Listed Building – Grade II*
- Official name: Winnold House, Wereham
- Designated: 9 July 1951
- Reference no.: 1077747

= Winnold House =

Winnold House, formerly the Benedictine Priory of St Winwaloe, is a country house in the parish of Wereham in Norfolk, England. The house is constructed from the remaining fragments of a former Benedictine priory. The priory was founded in 1199 and was dissolved in 1321. It was demolished in 1539, and the surviving fragments were incorporated into a house sometime in the 17th century; it was rebuilt in the mid-19th century. It is a Grade II* listed building.

== History ==
The St Winwaloe's Priory was founded by the earls of Clare during the reign of Richard I in the late twelfth century. It was dedicated to Winwaloe (also known as Guenolo or Winnold), a Breton saint who flourished about 550 CE, and whose body was enshrined in the Abbey of St Salvius and St Winwaloe, Monsterol (now Montreuil-sur-Mer) in the diocese of Amiens in France. It was an alien priory of Monsterol.
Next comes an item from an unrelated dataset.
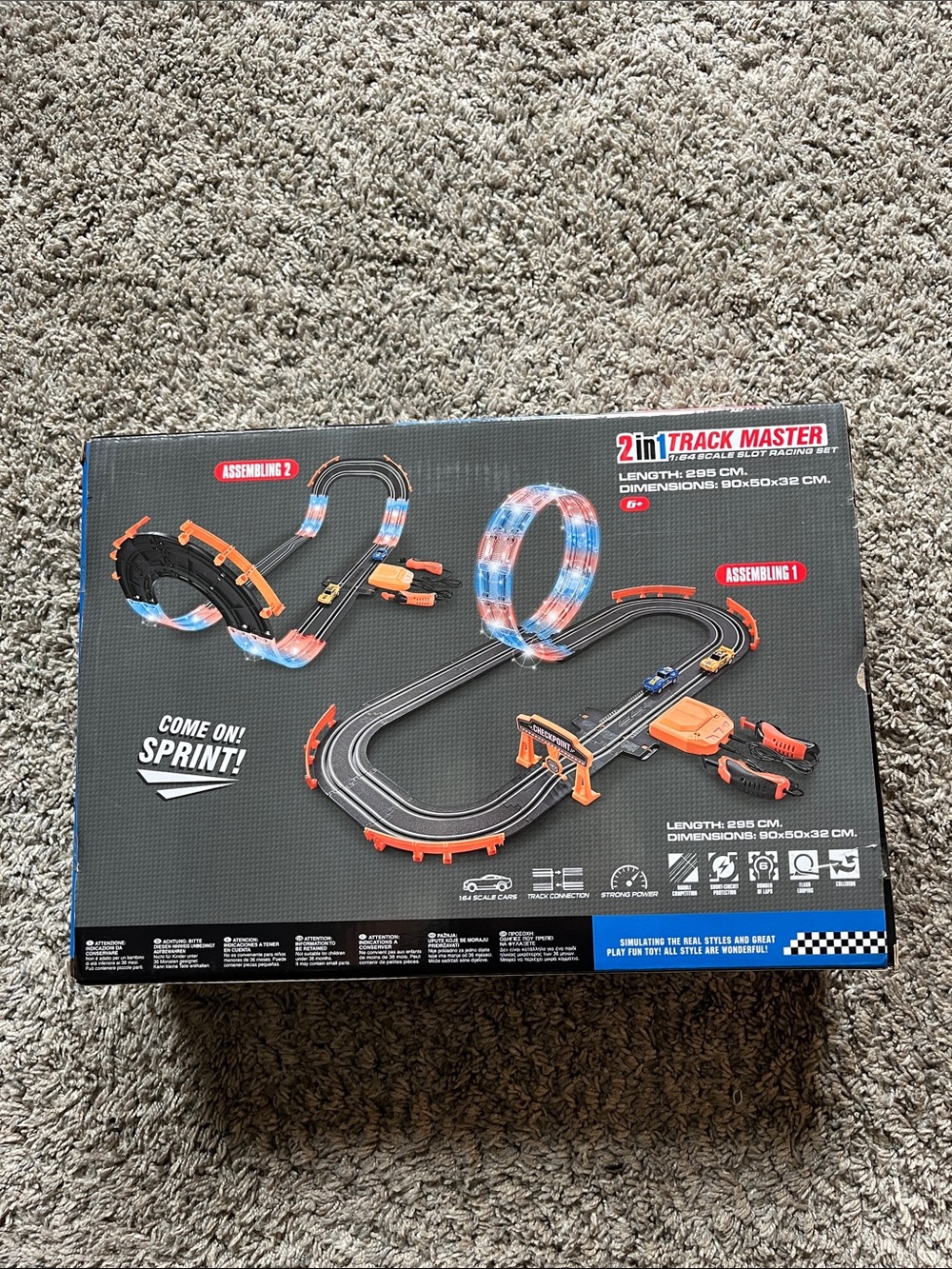 2-in-1 Track Master Racing Set - Blue & Yellow - Picture 3 of 5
The earliest extant deed of the priory is one of 1199, whereby L., prior of St Winwaloe, with the consent and advice of his brother, Remigius, abbot of Monsterol, granted a toft and eleven acres to Robert de Stradesete. In 1270, there was an exchange of lands in Wereham between the abbot and convent of Wereham and the abbot and convent of St Salvin's of Monsterol, acting on behalf of the priory of St Winwaloe. At the time, the priory held lands in three Norfolk parishes, with the annual value of £7.

In 1321, the abbot and convent of Monsterol sold the priory to Hugh Scarlet of Lincoln, who conveyed it to Elizabeth de Clare, the foundress of Clare College, Cambridge. In 1336 she conveyed the manor and lands of the priory to the abbot and convent of West Dereham on the condition that he would find a chaplain to say daily mass in the chapel of St Winwaloe for the souls of Gilbert, earl of Clare, and of Elizabeth and her ancestors and heirs forever. Ten years later, Elizabeth granted the custody of the priory to her friend, John de Brauncestre.

At the dissolution of the manor of Winwaloe, late belonging to the abbey of Wereham, came to the crown, and was granted to Thomas Guybon and William Mynn.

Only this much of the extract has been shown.